- **Task description**
Beginning with the line containing "Snapshot of AliceLili" and going on through the line containing "media/Jan-15-2026-Racers Edge (Thu)", the lines below are to be returned exactly, pictures excluded and nothing added.

- **Available data**
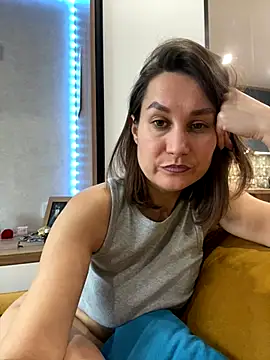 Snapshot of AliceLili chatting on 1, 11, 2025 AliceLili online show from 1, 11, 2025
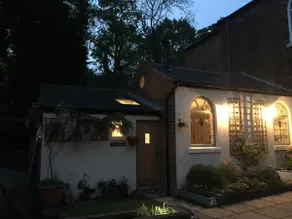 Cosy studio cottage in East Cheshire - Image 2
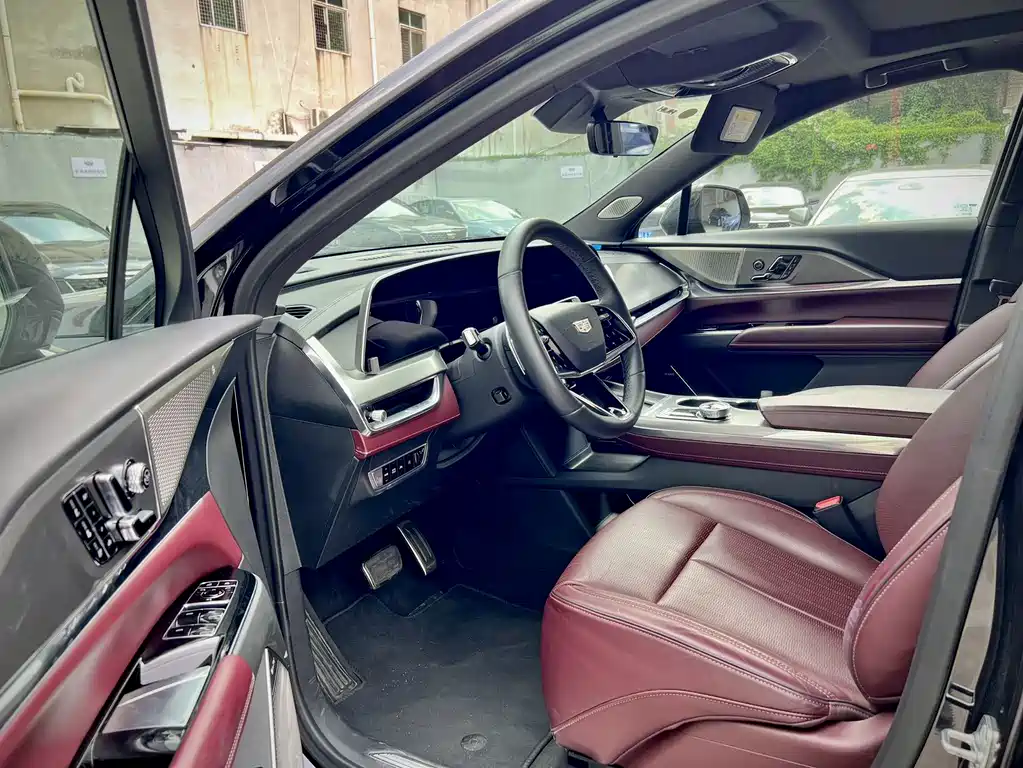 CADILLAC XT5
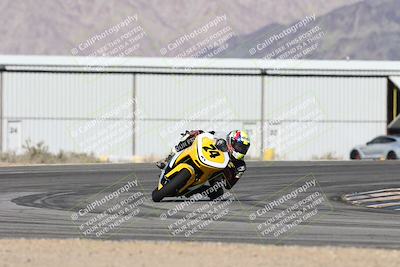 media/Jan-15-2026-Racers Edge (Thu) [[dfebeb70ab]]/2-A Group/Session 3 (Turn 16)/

---

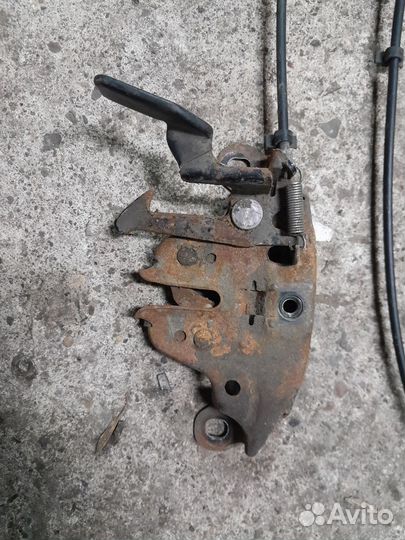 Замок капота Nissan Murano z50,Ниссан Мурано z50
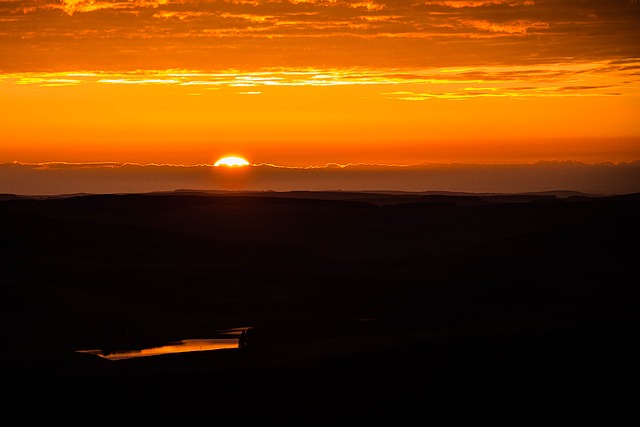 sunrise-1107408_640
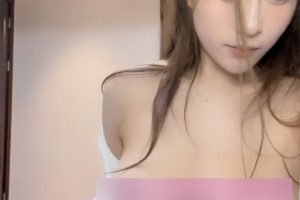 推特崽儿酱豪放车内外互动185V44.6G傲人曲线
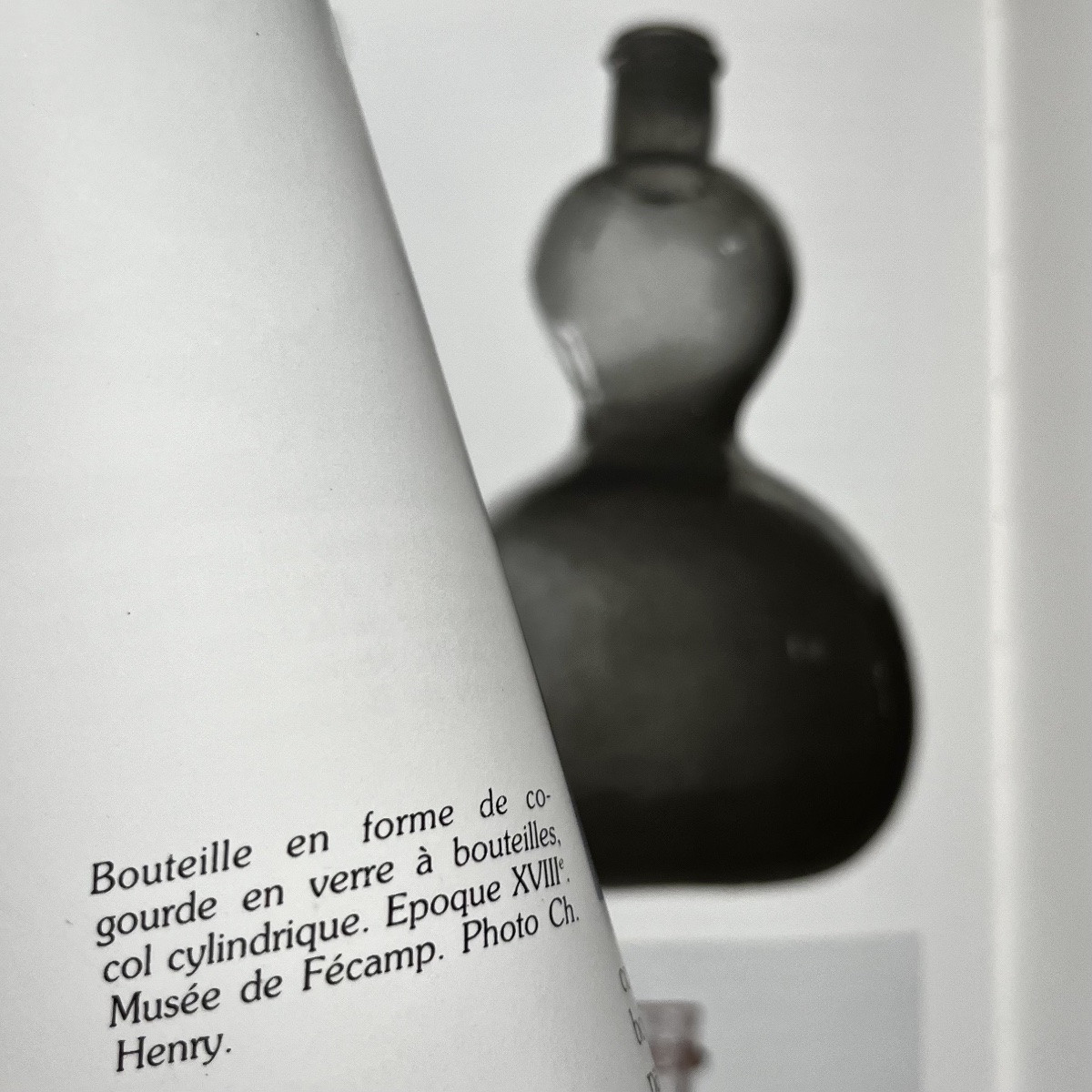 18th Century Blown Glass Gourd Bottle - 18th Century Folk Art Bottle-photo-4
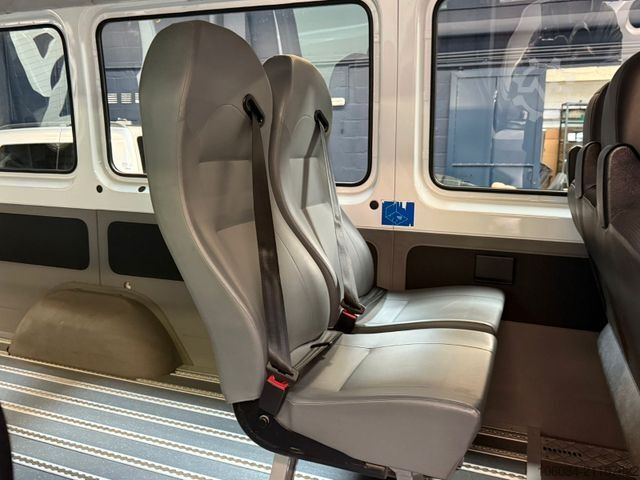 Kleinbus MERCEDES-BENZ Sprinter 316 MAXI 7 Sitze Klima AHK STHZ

- **Completed task**
 Snapshot of AliceLili chatting on 1, 11, 2025 AliceLili online show from 1, 11, 2025
 Cosy studio cottage in East Cheshire - Image 2
 CADILLAC XT5
 media/Jan-15-2026-Racers Edge (Thu) [[dfebeb70ab]]/2-A Group/Session 3 (Turn 16)/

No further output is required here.